■ PROBLEM DETAILS: Transcribe exactly, and only, the lines from the one containing "加密货币抵押市场：风险与机遇交织的金融新领域" through the end of the material.
::::
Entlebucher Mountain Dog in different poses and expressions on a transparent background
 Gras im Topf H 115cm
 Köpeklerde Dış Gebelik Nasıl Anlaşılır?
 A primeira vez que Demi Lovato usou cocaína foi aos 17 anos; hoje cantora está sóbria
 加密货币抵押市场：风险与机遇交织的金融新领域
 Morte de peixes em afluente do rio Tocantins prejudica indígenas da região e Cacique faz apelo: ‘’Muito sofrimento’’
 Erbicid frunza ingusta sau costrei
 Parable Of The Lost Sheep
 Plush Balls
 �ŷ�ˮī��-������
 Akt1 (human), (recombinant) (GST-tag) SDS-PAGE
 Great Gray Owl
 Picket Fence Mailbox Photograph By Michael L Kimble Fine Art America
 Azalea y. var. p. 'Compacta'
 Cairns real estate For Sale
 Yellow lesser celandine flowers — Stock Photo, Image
::::
■ WRITTEN ANSWER:
 加密货币抵押市场：风险与机遇交织的金融新领域
 Morte de peixes em afluente do rio Tocantins prejudica indígenas da região e Cacique faz apelo: ‘’Muito sofrimento’’
 Erbicid frunza ingusta sau costrei
 Parable Of The Lost Sheep
 Plush Balls
 �ŷ�ˮī��-������
 Akt1 (human), (recombinant) (GST-tag) SDS-PAGE
 Great Gray Owl
 Picket Fence Mailbox Photograph By Michael L Kimble Fine Art America
 Azalea y. var. p. 'Compacta'
 Cairns real estate For Sale
 Yellow lesser celandine flowers — Stock Photo, Image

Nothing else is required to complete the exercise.